Correction appended February 27, 2013.

Next month, a parliamentary committee in Quebec’s legislative assembly will hold hearings on Bill 14 – a new piece of legislation designed to reinforce French as the language of work, education, and government. Bill 14 would enable the government to revoke the bilingual status of municipalities with less than a 50 per cent anglophone population, prevent businesses with more than 25 employees from using English in the workplace, and introduce a mandatory French proficiency test for Quebec high school and CEGEP graduates. It would also make it harder for the 24 per cent of non-French speaking immigrants who come to Quebec annually to find work in small businesses.

Bill 14 employs an underhanded method to revoke citizens’ right to access government documents in English. Under the new piece of legislation, the city of Côte-Saint-Luc, for example, could potentially lose its bilingual status because a large percentage of its population identifies their mother tongue as neither French nor English. Citizens who don’t identify as having English as their mother tongue – for example, those who consider Yiddish or Italian their mother tongue, but who use English regularly – would therefore lose their ability to access municipal documents in English, as they would only be published in French. It is unclear exactly how such a measure would protect French, but it’s clear how it would make life more difficult for anglophones.

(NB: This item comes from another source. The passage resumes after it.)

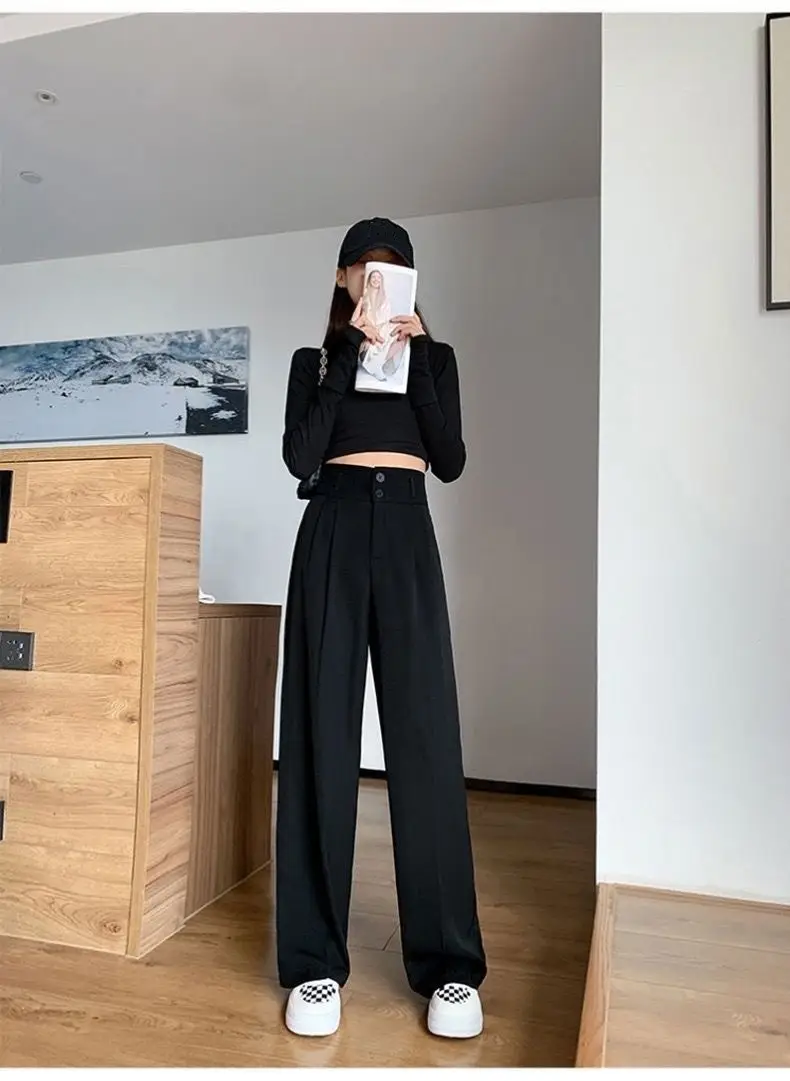 Black Wide Leg High Waist Pants Slim Fit Casual Women — feature 5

The main body of Quebec’s language laws, which protect the right to live in French for the province’s francophone population, are contained within Bill 101, which was passed in 1976. For francophones, the bill was necessary to counter the pattern of anglophone domination in the province. The bilingualism rate among anglophone youth in Quebec is now over 90 per cent, according to a 2001 study conducted by Jack Jedwab of the Association for Canadian Studies. Despite these trends, the predominance of French is still endangered in many areas of Quebec, especially in Montreal.

For many English-speaking Quebec residents, however, the extension of the language laws in Bill 14 disrupts the status quo between the government and the anglophone population. The anglophone community largely accepts that French proficiency is necessary to obtain employment in Quebec, and the tacit compromise vis-à-vis Bill 101 has lasted without challenge for longer than a decade: anglophones have their current rights in return for assenting to the bill’s provisions. In face of this new development, a sense of anxiety among English speakers is palpable, as 42 per cent of respondents in a recent poll of anglophone Quebec residents said they are considering leaving the province.

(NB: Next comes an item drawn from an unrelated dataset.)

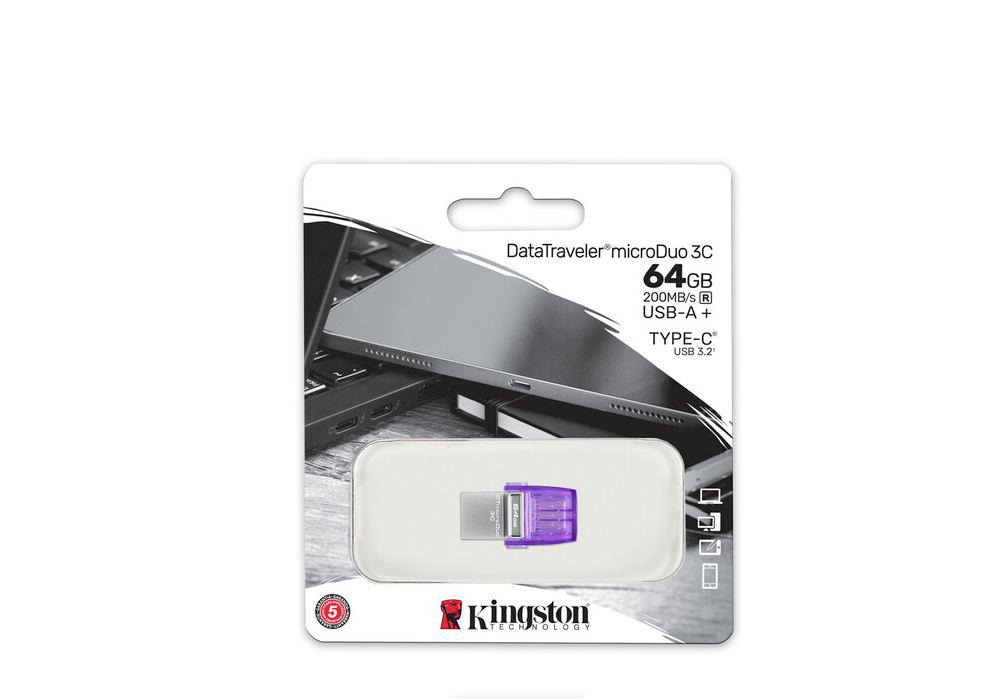 Memorie USB Kingston microDuo 3C 64 GB, USB 3.0, Purpuriu [2]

If the government wishes to protect Quebec’s official language, then it should do so through more sensible legislation. Instead of limiting access to public documents, the government would do well to continue to defend Bill 101’s most commendable provisions. To change the linguistic classification of a community is to disallow its citizens from choosing their own preferred official language of correspondence, and furthermore, punishes those who wish to consult public documents in English. By tying the protection of French language in Quebec to a denial of the agency of municipalities to remain bilingual, Bill 14 asserts itself as an unfair piece of legislation that oversteps the responsibilities and roles of government.